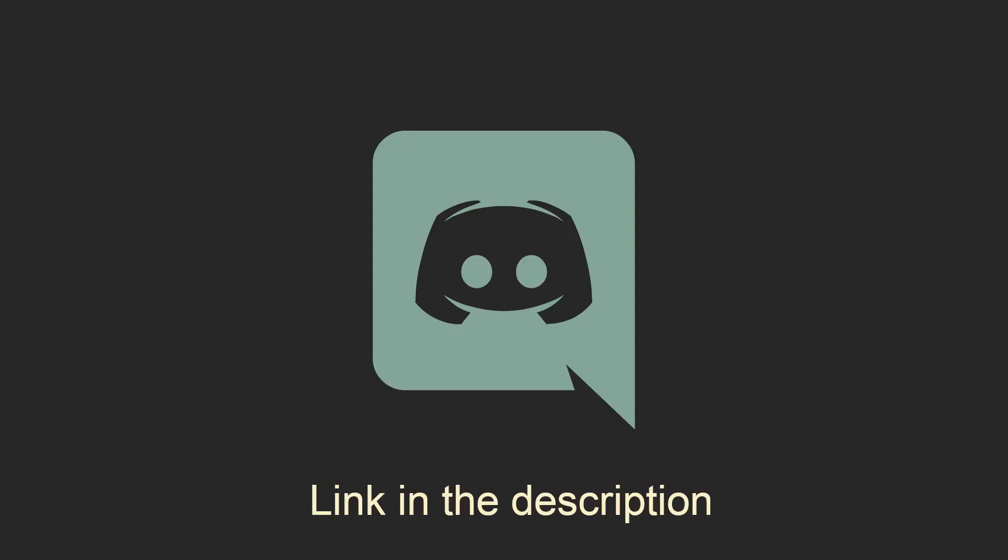And of course, the Discord server link is in the description. Thank you so much for watching, and I'll see you in the next one.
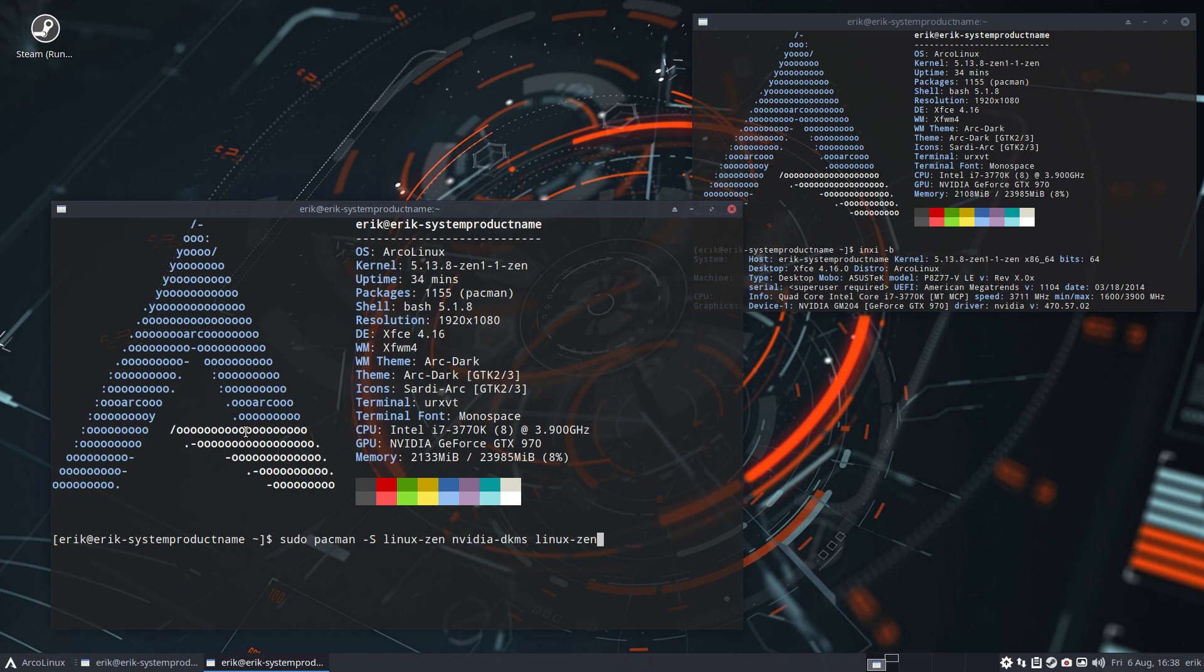If you do DKMS, you need headers to be there. So, Linux Zen headers. Okay, check.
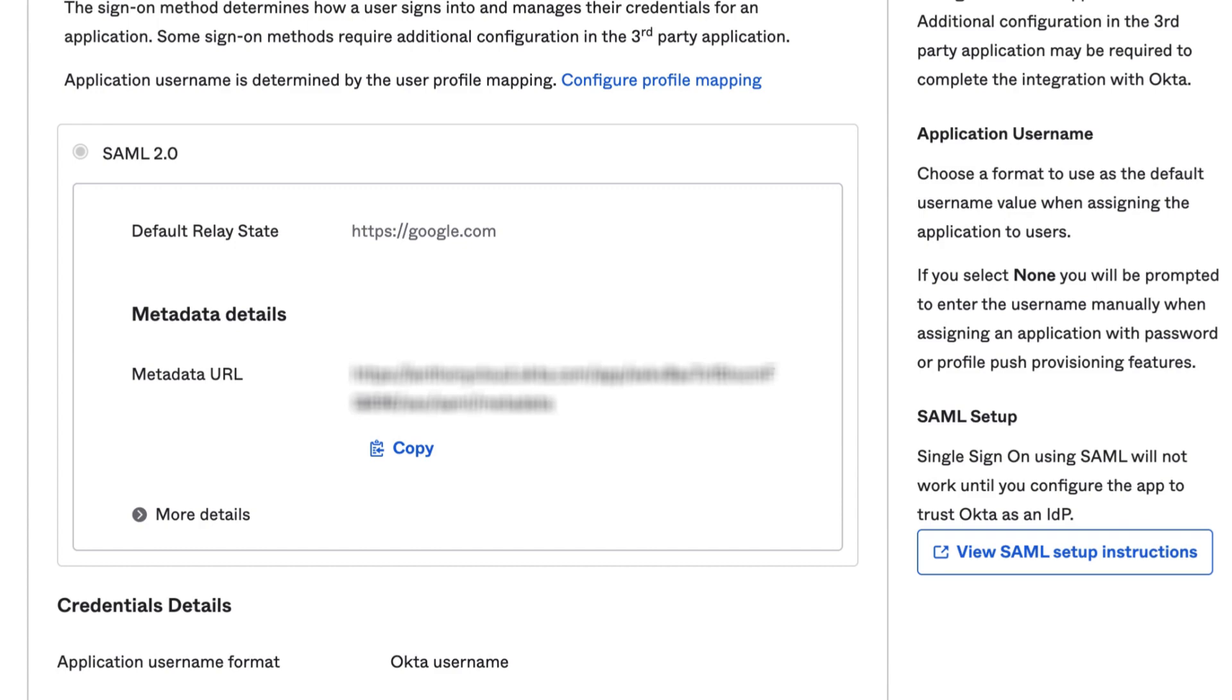That's it! We hope this video was helpful in ensuring that the SAML instructions have values populated. Be sure to check out the Okta Support playlist for more helpful videos. Thank you!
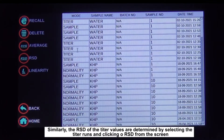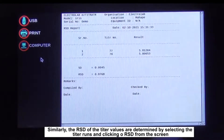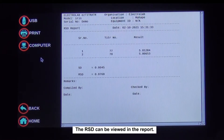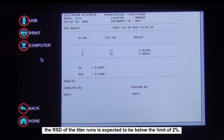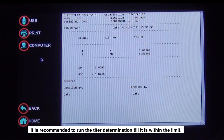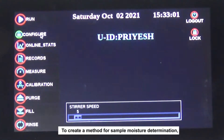Similarly, the RSD of the titer values is determined by selecting the titer runs and clicking on RSD from the screen. The RSD can be viewed in the report. Ideally, the RSD of the titer runs is expected to be below 2%. If the RSD is found to be higher than 2%, it is recommended to run the titer determination again until it is within the limit.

....

Would you reproduce the lines above, from the very first through the line containing "That's it! We", exactly and without the pictures?

And of course, the Discord server link is in the description. Thank you so much for watching, and I'll see you in the next one.
If you do DKMS, you need headers to be there. So, Linux Zen headers. Okay, check.
That's it! We hope this video was helpful in ensuring that the SAML instructions have values populated. Be sure to check out the Okta Support playlist for more helpful videos. Thank you!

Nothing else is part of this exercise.